Major League Soccer teams have voted to relax their salary-cap rules, making it easier for clubs to sign star players.
Beckham is reported to be attracting interest from US clubs
The "Beckham rule" will enable teams to break the ceiling of $2m per team - a figure that is also to be increased.
Each team will get a "designated player". They can be traded but no team can have more than two such players.
The MLS will still be responsible for up $400,000 (£209,000) of the designated player's salary, but the rest will be paid by the team.
"We believe this league has established a solid foundation over 11 years," MLS commissioner Don Garber said.
"Now it's time refocus our efforts to make our games more exciting than they already are."
Saturday's vote in Texas came a day before the season finale, the MLS Cup between the New England Revolution and Houston Dynamo.
Some teams want to have star players - others will choose a different route
MLS deputy commissioner
The salary-cap change follows Friday's decision to allow teams to sign players out of their own youth development systems without subjecting them to the draft.
The move to loosen the league's purse strings comes after recent press speculation that the Los Angeles Galaxy and New York Red Bulls are considering making an offer for David Beckham.
The former England captain is currently at Real Madrid but he is no longer a regular in the first team and is believed to be considering his future in Spain.
Galaxy president Alexi Lalas told this website last week that the team would be interested in the former Manchester United star if he was available.
Beckham himself has already said that he would like to end his career in the US and the US branch of his football academy for youngsters is based at the Galaxy's stadium in Carson, near Los Angeles.
"The purpose of this is to give teams the flexibility to construct the rosters the way they want," MLS deputy commissioner Ivan Gazidis said.
Pele led an earlier wave of international talent to the US
"Some teams want to have star players.
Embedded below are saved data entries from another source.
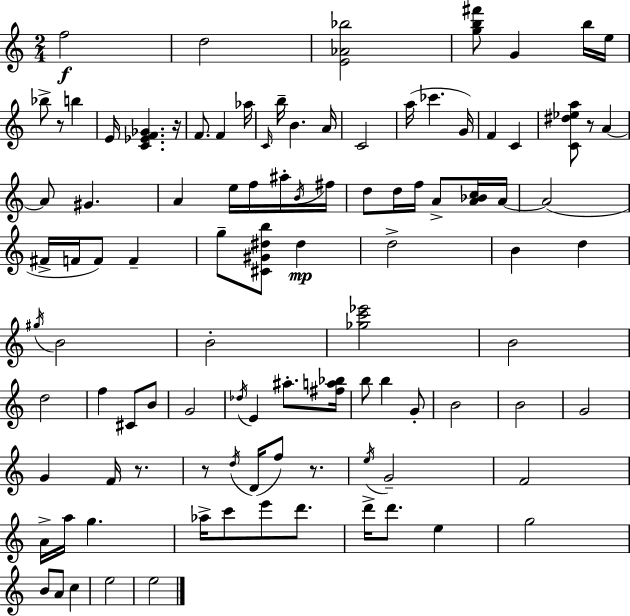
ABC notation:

X:1
T:Untitled
M:2/4
L:1/4
K:Am
f2 d2 [E_A_b]2 [gb^f']/2 G b/4 e/4 _b/2 z/2 b E/4 [C_EF_G] z/4 F/2 F _a/4 C/4 b/4 B A/4 C2 a/4 _c' G/4 F C [C^d_ea]/2 z/2 A A/2 ^G A e/4 f/4 ^a/4 B/4 ^f/4 d/2 d/4 f/4 A/2 [A_Bc]/4 A/4 A2 ^F/4 F/4 F/2 F g/2 [^C^G^db]/2 ^d d2 B d ^g/4 B2 B2 [_gc'_e']2 B2 d2 f ^C/2 B/2 G2 _d/4 E ^a/2 [^fa_b]/4 b/2 b G/2 B2 B2 G2 G F/4 z/2 z/2 d/4 D/4 f/2 z/2 e/4 G2 F2 A/4 a/4 g _a/4 c'/2 e'/2 d'/2 d'/4 d'/2 e g2 B/2 A/2 c e2 e2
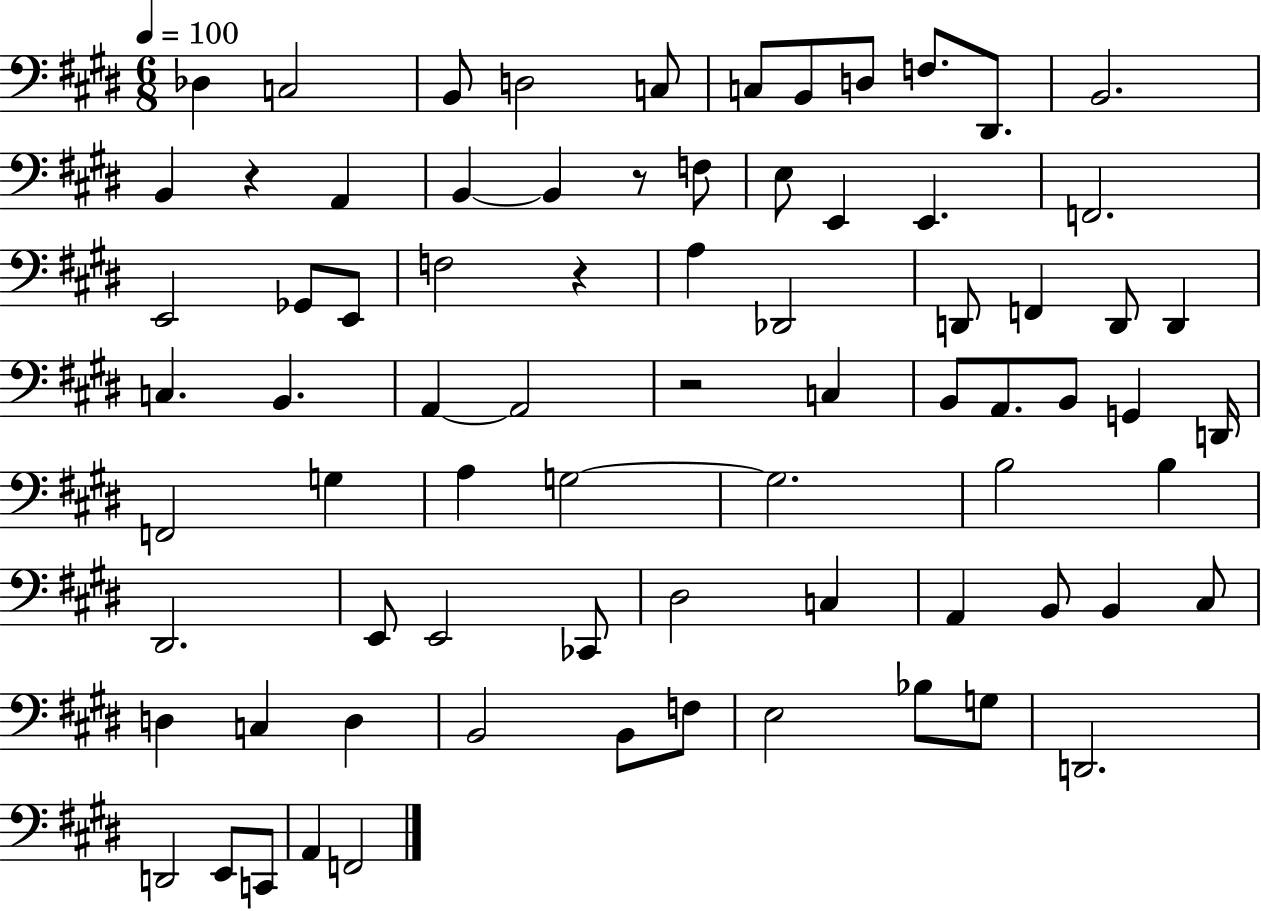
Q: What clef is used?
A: bass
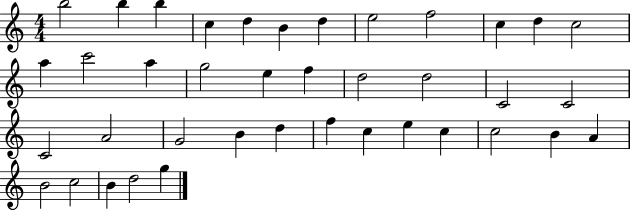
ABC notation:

X:1
T:Untitled
M:4/4
L:1/4
K:C
b2 b b c d B d e2 f2 c d c2 a c'2 a g2 e f d2 d2 C2 C2 C2 A2 G2 B d f c e c c2 B A B2 c2 B d2 g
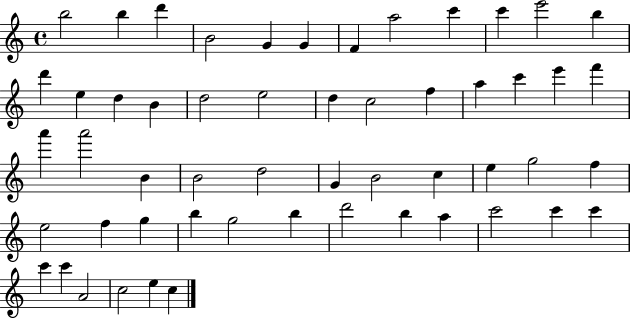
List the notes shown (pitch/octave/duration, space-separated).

B5/h B5/q D6/q B4/h G4/q G4/q F4/q A5/h C6/q C6/q E6/h B5/q D6/q E5/q D5/q B4/q D5/h E5/h D5/q C5/h F5/q A5/q C6/q E6/q F6/q A6/q A6/h B4/q B4/h D5/h G4/q B4/h C5/q E5/q G5/h F5/q E5/h F5/q G5/q B5/q G5/h B5/q D6/h B5/q A5/q C6/h C6/q C6/q C6/q C6/q A4/h C5/h E5/q C5/q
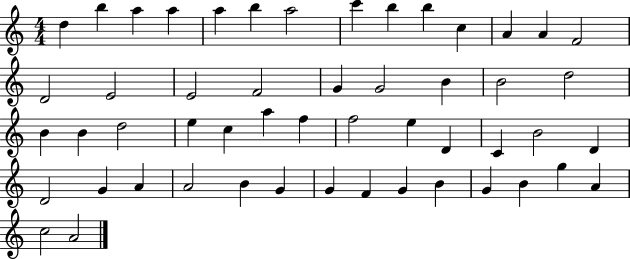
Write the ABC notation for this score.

X:1
T:Untitled
M:4/4
L:1/4
K:C
d b a a a b a2 c' b b c A A F2 D2 E2 E2 F2 G G2 B B2 d2 B B d2 e c a f f2 e D C B2 D D2 G A A2 B G G F G B G B g A c2 A2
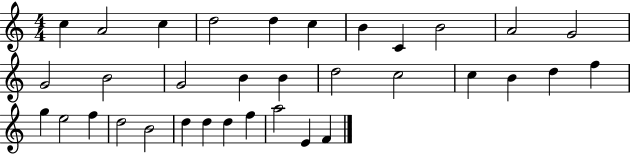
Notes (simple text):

C5/q A4/h C5/q D5/h D5/q C5/q B4/q C4/q B4/h A4/h G4/h G4/h B4/h G4/h B4/q B4/q D5/h C5/h C5/q B4/q D5/q F5/q G5/q E5/h F5/q D5/h B4/h D5/q D5/q D5/q F5/q A5/h E4/q F4/q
Others will choose a different route."
Several players, such as the Galaxy's Landon Donovan and the Kansas City Wizards' Eddie Johnson, already exceed the current $400,000 limit for a single player, and will be "grandfathered" for one year under the new rule.
But in 2008 they also will come under the designated player rule. The new system will be reviewed in 2009.
The designated players still will sign central contracts with the MLS but the responsibility to attract the player will be the team's.
As well as Beckham, Ronaldo and Luis Figo have also been mentioned as potential targets for MLS clubs.
The relaxation of the MLS' wage controls marks a big step for a league that has prided itself on its ability to live within its means.
Attracting foreign stars to play in the US was a tactic tried by the MLS' forerunner, the North American Soccer League, during the 1970s.
Players such as Franz Beckenbauer, George Best, Eusebio and Pele arrived with varying degrees of success, for them or the sport's status in America.
But many within the US game now consider the MLS to be healthy and well-established enough to invest in marquee players that will help the sport's profile.